**What to produce**: Begin at the line that has "A new team will", stop after the line that has "Kieran 4 Pc Bedroom Set", and print exactly those lines from the records below, without any pictures.
────────────────────────────────────────
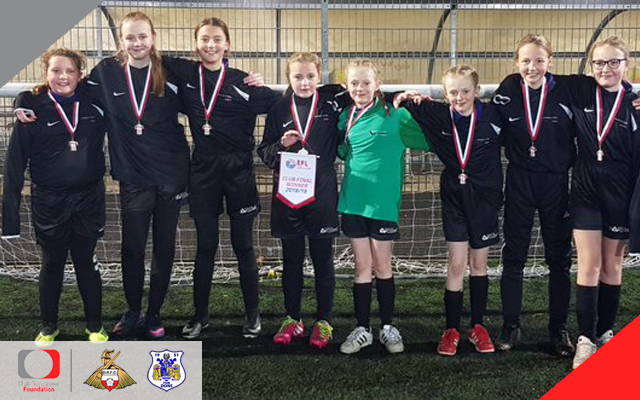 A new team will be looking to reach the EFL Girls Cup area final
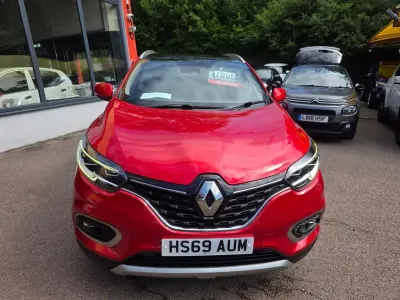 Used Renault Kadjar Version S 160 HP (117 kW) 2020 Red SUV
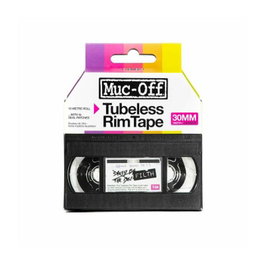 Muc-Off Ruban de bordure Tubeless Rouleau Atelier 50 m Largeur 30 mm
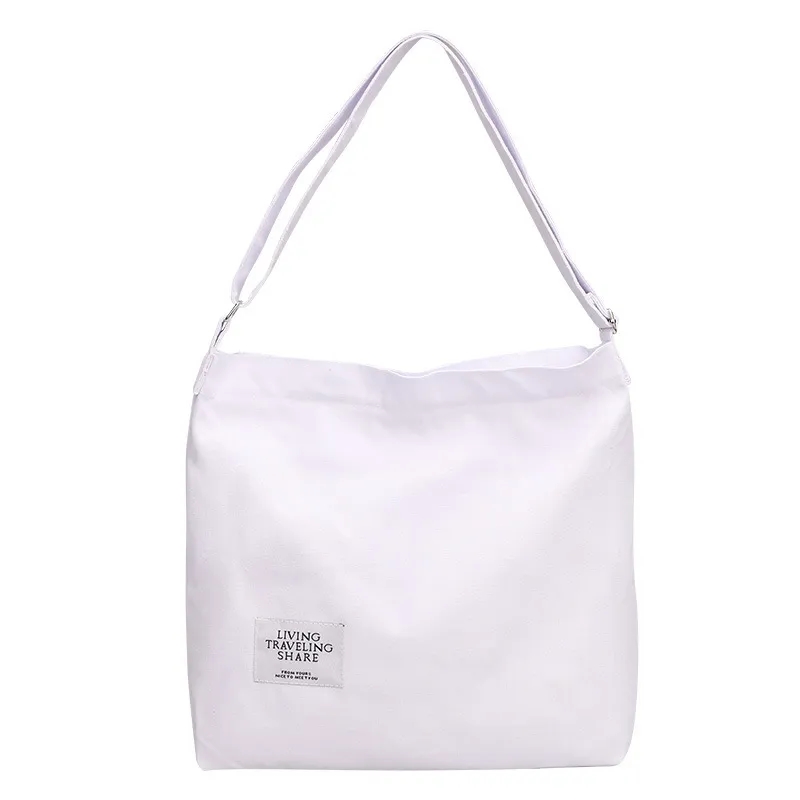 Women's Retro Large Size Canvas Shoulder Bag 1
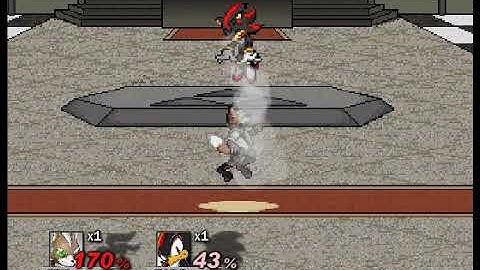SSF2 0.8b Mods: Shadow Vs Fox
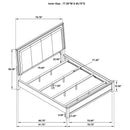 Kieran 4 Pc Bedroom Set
────────────────────────────────────────
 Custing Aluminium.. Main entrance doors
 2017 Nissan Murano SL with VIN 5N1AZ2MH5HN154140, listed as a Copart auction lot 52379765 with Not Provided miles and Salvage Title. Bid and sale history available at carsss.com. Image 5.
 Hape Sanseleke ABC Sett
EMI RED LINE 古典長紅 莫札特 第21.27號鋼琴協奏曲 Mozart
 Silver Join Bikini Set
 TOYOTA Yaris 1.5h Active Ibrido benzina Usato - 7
────────────────────────────────────────
**Reply**:
 A new team will be looking to reach the EFL Girls Cup area final
 Used Renault Kadjar Version S 160 HP (117 kW) 2020 Red SUV
 Muc-Off Ruban de bordure Tubeless Rouleau Atelier 50 m Largeur 30 mm
 Women's Retro Large Size Canvas Shoulder Bag 1
SSF2 0.8b Mods: Shadow Vs Fox
 Kieran 4 Pc Bedroom Set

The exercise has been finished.